> Recorded data:
• • • •

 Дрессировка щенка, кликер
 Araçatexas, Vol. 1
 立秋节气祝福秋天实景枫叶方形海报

• • • •

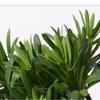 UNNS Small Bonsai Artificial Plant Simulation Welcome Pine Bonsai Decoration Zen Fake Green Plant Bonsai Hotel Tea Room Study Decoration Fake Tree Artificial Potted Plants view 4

• • • •

> About this task:
Exactly the lines above from the one with "Дрессировка щенка, кликер" to the one with "立秋节气祝福秋天实景枫叶方形海报", both included, are to be quoted; leave the rest out.

> Written solution:
 Дрессировка щенка, кликер
 Araçatexas, Vol. 1
 立秋节气祝福秋天实景枫叶方形海报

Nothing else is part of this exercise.